Pues no, no tengo entradas para escuchar a Juan Diego Flórez en el Baluarte. Las que salieron a la venta se agotaron en cinco horas, y ya sabes lo perezoso que soy en lo tocante a recordar o anotar el día en que hay que estar atento para adquirirlas, o pasar por taquilla, o, no digamos, hacer cola durante horas. Eso no quita para que hubiese disfrutado mucho escuchándole. Qué voy a decirte que no sepas sobre este cantante de voz dulce, potente, delicada, perfecta. De hecho, recuerdo cuando hace años me leíste su nombre en una respuesta de Pavarotti, en El País Semanal, quien lo consideraba su sucesor más cabal.

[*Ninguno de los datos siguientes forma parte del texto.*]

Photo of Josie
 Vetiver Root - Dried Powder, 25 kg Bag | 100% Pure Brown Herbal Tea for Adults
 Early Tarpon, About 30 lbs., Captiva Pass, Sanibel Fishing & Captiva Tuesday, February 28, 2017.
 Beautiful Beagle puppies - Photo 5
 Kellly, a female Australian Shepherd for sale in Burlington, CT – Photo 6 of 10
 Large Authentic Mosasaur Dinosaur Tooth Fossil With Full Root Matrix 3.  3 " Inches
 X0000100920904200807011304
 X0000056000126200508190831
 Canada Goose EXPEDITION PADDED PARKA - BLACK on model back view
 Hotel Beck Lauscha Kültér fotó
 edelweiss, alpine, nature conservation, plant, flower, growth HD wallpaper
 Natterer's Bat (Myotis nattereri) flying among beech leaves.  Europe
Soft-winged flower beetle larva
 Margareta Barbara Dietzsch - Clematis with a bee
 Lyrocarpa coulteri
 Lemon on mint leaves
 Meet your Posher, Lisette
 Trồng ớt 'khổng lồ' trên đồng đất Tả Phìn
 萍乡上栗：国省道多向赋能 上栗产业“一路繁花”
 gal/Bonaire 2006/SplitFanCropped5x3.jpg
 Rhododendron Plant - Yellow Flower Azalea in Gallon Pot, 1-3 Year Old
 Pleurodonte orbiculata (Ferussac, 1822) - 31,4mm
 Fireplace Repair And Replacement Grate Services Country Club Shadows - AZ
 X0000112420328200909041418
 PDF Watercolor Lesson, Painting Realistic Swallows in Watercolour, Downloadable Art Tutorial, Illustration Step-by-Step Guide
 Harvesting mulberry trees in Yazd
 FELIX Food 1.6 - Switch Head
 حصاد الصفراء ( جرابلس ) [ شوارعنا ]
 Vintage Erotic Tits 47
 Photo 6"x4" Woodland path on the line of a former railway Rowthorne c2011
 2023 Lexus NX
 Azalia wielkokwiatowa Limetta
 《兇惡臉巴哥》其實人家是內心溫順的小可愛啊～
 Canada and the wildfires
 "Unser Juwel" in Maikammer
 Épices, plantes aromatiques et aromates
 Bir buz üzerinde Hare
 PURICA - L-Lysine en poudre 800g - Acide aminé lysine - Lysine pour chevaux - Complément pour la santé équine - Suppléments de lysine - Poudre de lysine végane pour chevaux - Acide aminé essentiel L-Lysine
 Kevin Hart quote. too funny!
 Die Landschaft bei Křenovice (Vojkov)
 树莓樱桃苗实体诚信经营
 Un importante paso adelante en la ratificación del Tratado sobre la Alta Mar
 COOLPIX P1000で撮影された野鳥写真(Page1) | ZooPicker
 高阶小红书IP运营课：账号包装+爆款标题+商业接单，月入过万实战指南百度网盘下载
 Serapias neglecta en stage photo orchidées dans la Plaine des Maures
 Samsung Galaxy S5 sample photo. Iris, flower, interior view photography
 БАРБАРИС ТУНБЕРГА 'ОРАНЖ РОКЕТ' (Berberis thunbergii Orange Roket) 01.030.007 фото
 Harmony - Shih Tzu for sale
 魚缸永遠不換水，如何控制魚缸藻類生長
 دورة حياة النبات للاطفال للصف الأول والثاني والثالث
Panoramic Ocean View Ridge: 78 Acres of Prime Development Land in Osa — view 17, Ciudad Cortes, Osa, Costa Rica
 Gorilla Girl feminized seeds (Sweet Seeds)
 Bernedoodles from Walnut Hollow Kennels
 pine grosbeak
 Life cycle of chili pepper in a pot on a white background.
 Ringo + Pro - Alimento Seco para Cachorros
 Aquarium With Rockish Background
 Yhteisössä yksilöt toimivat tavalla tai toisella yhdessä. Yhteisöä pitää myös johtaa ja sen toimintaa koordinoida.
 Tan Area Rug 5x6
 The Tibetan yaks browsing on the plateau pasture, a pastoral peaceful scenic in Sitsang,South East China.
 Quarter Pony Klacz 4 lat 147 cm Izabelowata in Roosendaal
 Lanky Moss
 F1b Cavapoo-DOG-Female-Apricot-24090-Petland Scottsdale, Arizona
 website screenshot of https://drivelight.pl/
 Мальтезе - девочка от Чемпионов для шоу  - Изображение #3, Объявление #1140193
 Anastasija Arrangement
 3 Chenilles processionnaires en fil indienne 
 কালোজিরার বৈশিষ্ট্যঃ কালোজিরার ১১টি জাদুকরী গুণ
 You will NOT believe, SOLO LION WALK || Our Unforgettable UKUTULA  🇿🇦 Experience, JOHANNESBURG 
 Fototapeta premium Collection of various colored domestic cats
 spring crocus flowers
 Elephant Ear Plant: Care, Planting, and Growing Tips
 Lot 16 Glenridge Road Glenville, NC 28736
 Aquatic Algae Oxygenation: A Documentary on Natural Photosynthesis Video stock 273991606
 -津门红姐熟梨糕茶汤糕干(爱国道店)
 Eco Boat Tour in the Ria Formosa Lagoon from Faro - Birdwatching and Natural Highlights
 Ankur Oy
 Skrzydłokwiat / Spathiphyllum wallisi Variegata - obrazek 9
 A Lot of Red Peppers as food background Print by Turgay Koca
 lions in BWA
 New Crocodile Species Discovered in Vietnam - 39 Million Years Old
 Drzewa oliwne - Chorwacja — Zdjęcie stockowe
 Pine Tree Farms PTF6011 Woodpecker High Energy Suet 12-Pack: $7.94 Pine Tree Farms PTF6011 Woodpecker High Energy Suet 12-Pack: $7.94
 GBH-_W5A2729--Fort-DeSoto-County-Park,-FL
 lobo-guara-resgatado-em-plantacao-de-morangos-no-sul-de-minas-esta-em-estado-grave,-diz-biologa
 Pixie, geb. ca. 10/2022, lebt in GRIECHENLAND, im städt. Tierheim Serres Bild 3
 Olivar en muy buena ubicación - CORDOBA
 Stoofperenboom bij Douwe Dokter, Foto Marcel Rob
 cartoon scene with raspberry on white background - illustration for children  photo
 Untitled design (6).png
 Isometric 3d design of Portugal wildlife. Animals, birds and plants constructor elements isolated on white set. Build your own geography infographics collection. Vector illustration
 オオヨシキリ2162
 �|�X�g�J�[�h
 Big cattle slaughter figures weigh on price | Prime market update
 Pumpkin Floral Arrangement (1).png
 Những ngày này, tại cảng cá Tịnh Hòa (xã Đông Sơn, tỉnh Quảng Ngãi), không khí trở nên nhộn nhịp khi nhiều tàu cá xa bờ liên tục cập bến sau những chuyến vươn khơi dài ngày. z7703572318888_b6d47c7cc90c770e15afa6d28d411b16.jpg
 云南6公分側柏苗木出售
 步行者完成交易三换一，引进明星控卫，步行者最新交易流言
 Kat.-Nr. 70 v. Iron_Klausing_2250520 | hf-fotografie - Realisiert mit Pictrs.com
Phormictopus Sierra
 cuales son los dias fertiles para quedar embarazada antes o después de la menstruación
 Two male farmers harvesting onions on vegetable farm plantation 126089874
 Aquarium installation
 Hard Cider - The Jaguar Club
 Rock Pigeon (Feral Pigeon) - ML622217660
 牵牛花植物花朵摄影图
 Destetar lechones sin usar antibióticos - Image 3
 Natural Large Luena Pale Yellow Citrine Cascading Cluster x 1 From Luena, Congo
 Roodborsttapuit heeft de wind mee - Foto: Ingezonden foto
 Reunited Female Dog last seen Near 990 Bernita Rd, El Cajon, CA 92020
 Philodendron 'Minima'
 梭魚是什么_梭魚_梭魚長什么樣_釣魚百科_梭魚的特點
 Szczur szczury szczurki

Ay, hubiera sido fantástico escuchar a Flórez en noviembre, deleitándonos por ejemplo con Rossini. Estás aburrida de oír que mi tiempo musical predilecto es el que va de 1700 a 1850. En eso, como en casi todo, soy de una normalidad estadística absoluta. Disfruto con obras compuestas antes (no demasiado antes) y después (tampoco muy posteriores) de ese siglo y medio. Pero vuelvo y vuelvo a Bach, Haendel, Mozart, Haynd, Bethoven… Y, siempre, la ópera de ese mismo periodo: Mozart, siempre, pero también Haendel, Gluck y los benditos italianos: Rossini, Bellini, Donizetti, el primer Verdi.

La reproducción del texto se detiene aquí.